Thursday 29 November 2007

It really is time for change...

Further to my last post, it would seem prudent to emphasise the fact that this Government is smelling of cheap incompetence. As this HMRC scandal deepens – with another six packages unaccounted for and evidence of recorded phone calls being sent on CD to bemused householders across the country – we look back at a Brown premiership that has encompassed an evasive Home Secretary who attempted to cover up the true details of the country's asylum seeker situation. We have also seen the Northern Rock fiasco, a by-product of the credit crunch and of Gordon Brown's haphazard control of the Treasury for over 10 years, and not to mention the latest loans scandal which threatens to undermine further the credibility of senior Labour Party officials.


And, if that wasn't enough, further evidence of Gordon Brown's incompetence can be linked to the aforementioned HMRC scandal.
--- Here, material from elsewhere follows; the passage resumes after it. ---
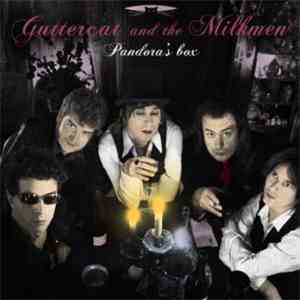 Guttercats, Guttercat And The Milkmen - Pandora's Box download free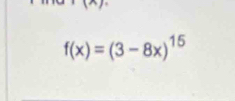 f(x)=(3-8x)^15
Why did he cut the budget from that agency, thereby minimising the opportunity for proper checks to be carried out to trace data and to ensure that only appropriately-trained staff had access to such data?


Gordon Brown has been prided as a man of strength and of conviction, yet his premiership is derailing fast and it actually seems that he has been a very convincing actor for the past 10 years and a very unconvincing prime minister for the last 5 months.


And in the same way that he has allowed Alistair Darling to remain as Chancellor of the Exchequer, he also found the time to promote Dawn Primarolo from her previous job of Paymaster-General (a post she held from 1999 until June 2007, which exercises direct control over HMRC and made her the de facto minister in charge of that agency) to Minister of State for Public Health. So we have a prime minister who is incompetent, a Chancellor who cannot run his own Treasury, and a minister in charge of our public NHS who has a previous record of laying the (dis)organisational foundations for this HMRC crisis.


Wonderful.


Isn't it time that the citizens of the UK had the chance to vote on this crippled Government? When can we vote for change and for optimism? For real fiscal prudence and free market economics? For sharing the proceeds of growth and cutting stealth taxes? And, above all else, when will Gordon Brown give us the chance to vote for a new Conservative Government that will deliver the fair and just society that Britain desperately needs?

Tuesday 20 November 2007

A Matter of Competence

No doubt by now commentators elsewhere are highlighting the horror of the loss of 25 million personal records by the Revenue and Customs.  

Errors occur in every business.  Post goes astray.  These kind of things are often unavoidable.

What is avoidable is allowing a 'junior official' the access to so many personal records, the ability to download them and the authority to send them willy nilly to another agency without there being any system to authorise, track or confirm receipt of the information.

It is a matter of competence.  Yes, Revenue and Customs are a semi detached agency of the government, but the responsibility for their operation still lies, ultimately, with the Treasury.  That means the Chancellor of the Exchequer.

If he has an honour at all he should resign.